The Arab League secretary general, Nabil Elaraby, said he held talks with officials in Iraq to "explore whether the Iraqi government is willing to exert its influence with Syria" to agree to the Arab plan.
"What we expect is as soon as possible Syria will accept to sign the protocol ... now it is up to Syria, the ball is in the Syrian court," Mr Elaraby said at a joint news conference with Iraqi foreign minister Hoshyar Zebari in Baghdad.
Already hit by economic sanctions imposed by the United States and Europe, Syria now faces further sanctions from Arab nations. Turkey and Jordan are calling on Mr Al Assad to step down, with Ankara imposing 30 per cent duty on imports from Syria in retaliation for a similar tax imposed on Turkish goods.
Iraq, however, has resisted sanctions against Damascus. Officials say they are worried violence in Syria could spill over the border and upset Iraq's delicate sectarian balance.
The Arab League has repeatedly extended deadlines for Syria to agree to a plan that would see Arab monitors oversee its withdrawal of troops from towns. The latest expired on Sunday.
Syria says the Arab proposal infringes on its sovereignty and has asked for clarification.
Mr Elaraby said no new deadline has been set and the Arab League's sanctions took effect on November 27. He also said the League is likely to meet representatives of the Syrian opposition by next week.

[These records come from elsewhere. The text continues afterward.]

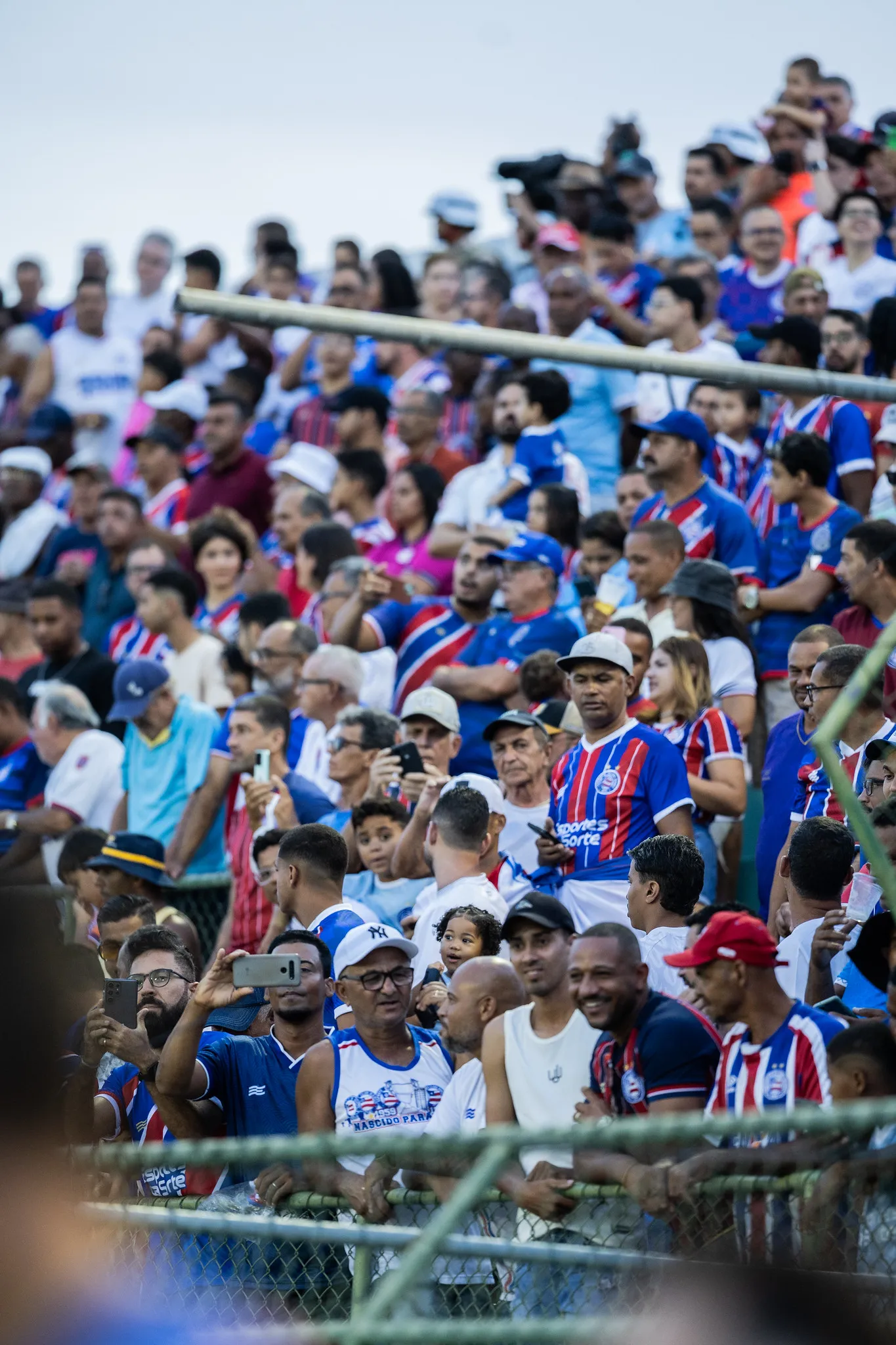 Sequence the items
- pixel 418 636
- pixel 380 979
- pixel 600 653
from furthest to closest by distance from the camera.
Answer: pixel 418 636, pixel 600 653, pixel 380 979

Speaking alongside Mr Elaraby, Mr Zebari said Iraq was in talks with both the Syrian government and the opposition to try to end the bloodshed.
In Jordan, the government has asked the League to be exempt from the bloc's sanctions on Syria. Jordan is worried about the toll they will take on the kingdom's ailing economy, a government official said yesterday.
The Arab League imposed economic sanctions on Syria last month to try to pressure Damascus to end its crackdown.
"Jordan supports the Arab consensus regarding the sanctions on Syria, but we have to cater to our economic interests," the official said, insisting on anonymity, citing the sensitivity of the matter.
Syria is one of Jordan's biggest Arab commercial partners, with bilateral trade estimated at US$525 million (Dh1.9bn) in the first nine months of this year. The country also serves as a gateway for Jordan's trade with Lebanon, Turkey and Europe, and Damascus has $500m in deposits in Jordanian banks and multimillion dollar investments here.
Also yesterday, Russia's foreign minister warned that Syrians should be allowed to sort out their country's problems without outside interference.
Syria should follow the example of Yemen, Sergey Lavrov said. Yemeni president, Ali Abdullah Saleh, stepped down recently after a 10-month uprising in exchange for immunity from prosecution.
"Nobody put any very extreme deadlines or ultimatums [on Yemen]. Everybody pulled together and in a couple of months this peace plan was signed," Mr Lavrov said after attending a meeting of Nato foreign ministers. "We believe this method could be applied in other areas including Syria."
The United Nations says more than 4,000 people have died in Syria since the uprising began.
In recent weeks, there have been growing signs of an armed insurgency and mounting sectarian tensions that could push the country towards civil war.